## [EXERCISE GOAL]
Without pictures, output exactly the lines running from the line containing "Artikel Decoratief houten" to the end of the listing below.

## [PROVIDED DATA]
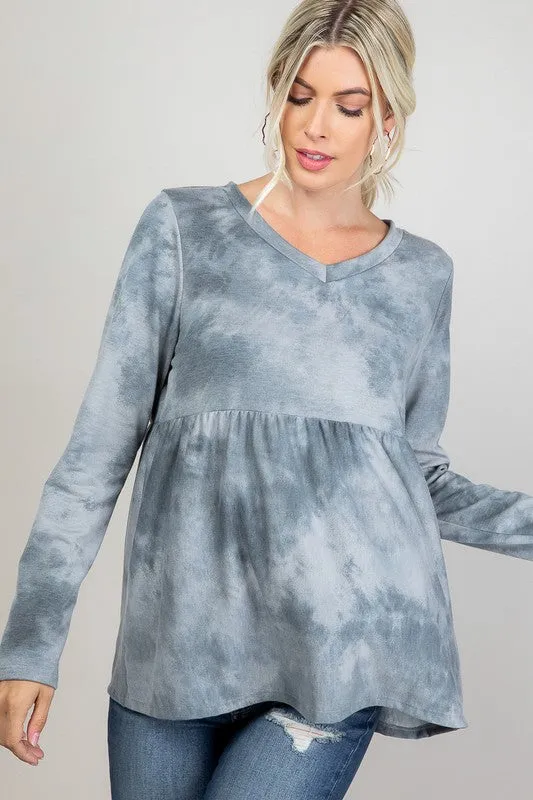 Plus Cloud Tie Dye V-Neck Babydoll Top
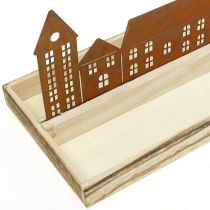 Artikel Decoratief houten dienblad rechthoekig met patina huisjes 50×17cm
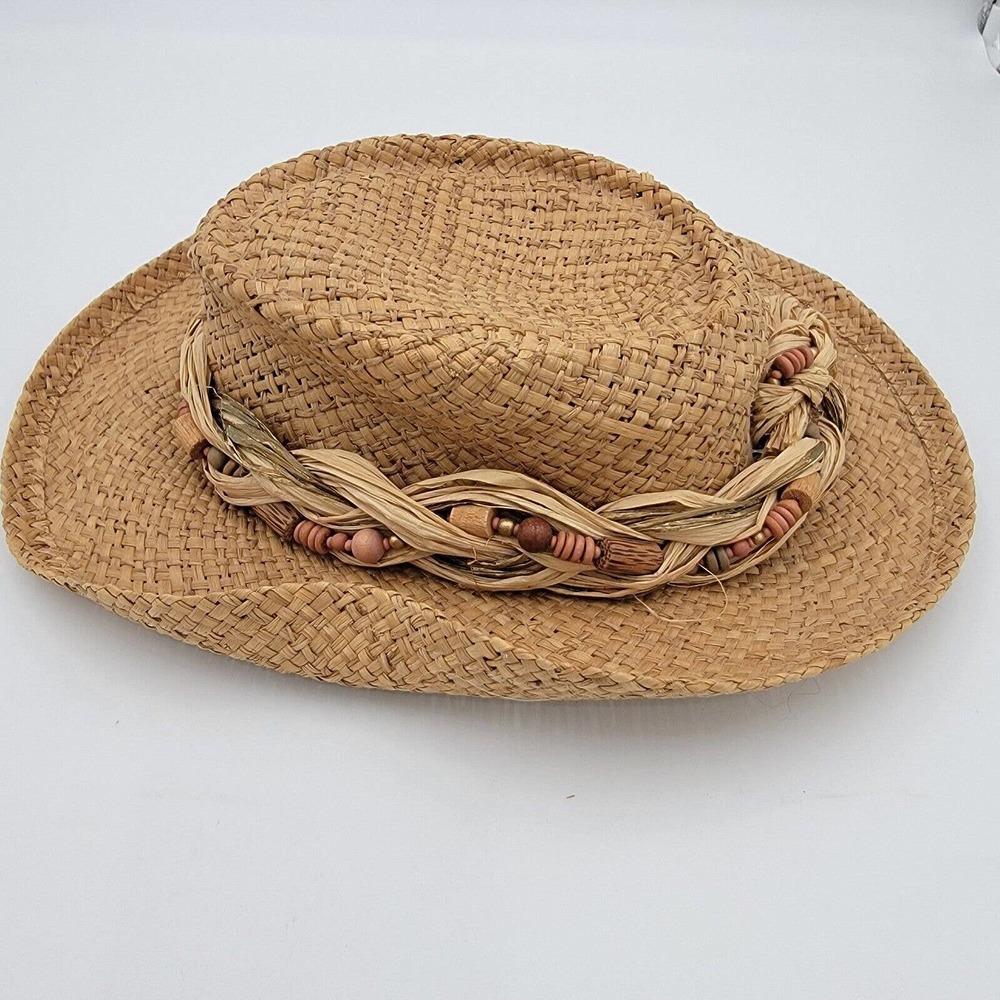 Cappelli Miami Florida Beige Vintage Wooven Straw Paper Sun Beach Hat Beads Knot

## [PROBLEM SOLUTION]
 Artikel Decoratief houten dienblad rechthoekig met patina huisjes 50×17cm
 Cappelli Miami Florida Beige Vintage Wooven Straw Paper Sun Beach Hat Beads Knot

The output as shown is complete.